Lemonade, Hot Sauce, Memes, a Bat, Cheating, and Forgiveness. That is just a few key things associated with Beyoncé’s new and slightly impromptu 6th studio album, “Lemonade.” Queen Bey has done it yet again. Everyone was waiting for Saturday night, April 23, to figure what Beyoncé had up her sleeve, but what we didn’t know was that she had plans on dropping an atomic bomb. Beyoncé unveiled the flaws, secrets and truths that have transpired in her life, and more importantly, with her marriage and family. In the matter of an hour, Beyonce discussed Jay-Z’s infidelity and how the two have reconciled and are now on a path toward strengthening their relationship. What we should keep in mind is that this album is a story and not a diss track. This is undoubtedly Beyonce’s most personable album to date. Known to be highly secretive about her personal life, the Queen invited everyone into her world through “Lemonade.” So many women, especially black women, can identify with Beyoncé’s plight. She tells us a story of betrayal, anger, forgiveness and redemption.
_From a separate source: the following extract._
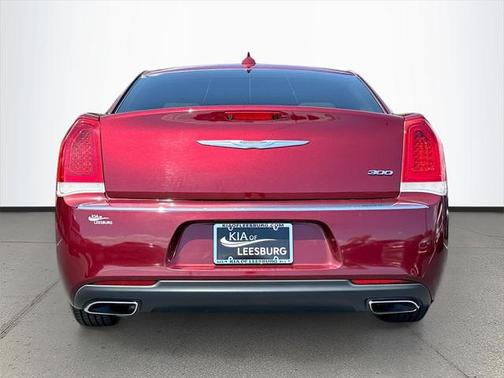 2016 Chrysler 300 S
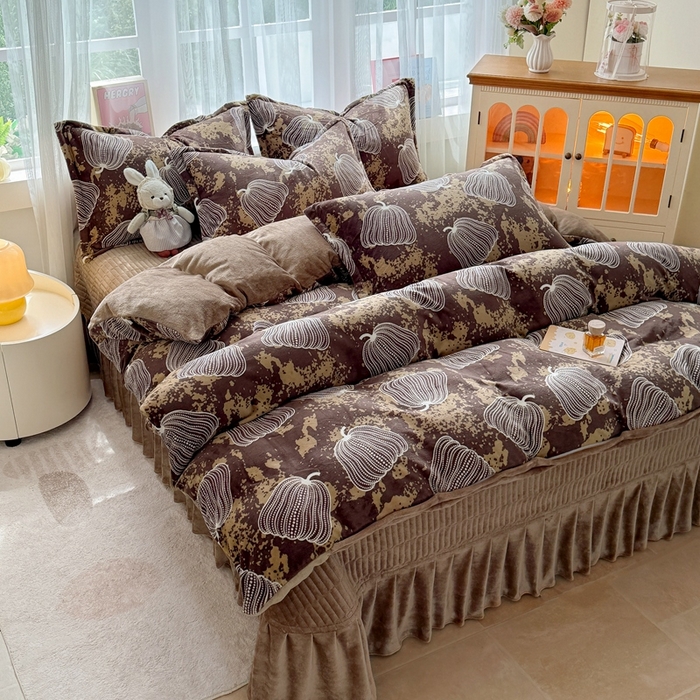 91家纺网 家纺一手货源 找家纺 梵克保罗 2025秋冬新款印花牛奶绒床盖炕垫炕盖四件套-云裳 云裳-南瓜乡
“Lemonade” is not just an album and film, it is an artistic masterpiece. It is a great example of Beyoncé’s range and development over the years. Queen Bey’s music has slowly transitioned from her catchy girl-power ballads to more emotional and personal pieces of work. “Lemonade” solidifies Beyoncé’s reign as one of the greatest performers of all time, a notion that I am sure Kanye West would agree with. Too add, “Lemonade” is a mix of R&B, soul, country, rock, and with a little bit of pop. The Queen pretty much hit every genre of music on this album. I appreciate that she took us on a journey with her, and this can really be seen in the accompanying visual, which premiered on HBO. The film is tied together by the beautiful spoken word written by Warsan Shire; between Shire’s captivating poetry and Beyoncé’s heartfelt pieces and soulful bravado, “Lemonade” will leave your thirst quenched and is bound to sweep the awards season.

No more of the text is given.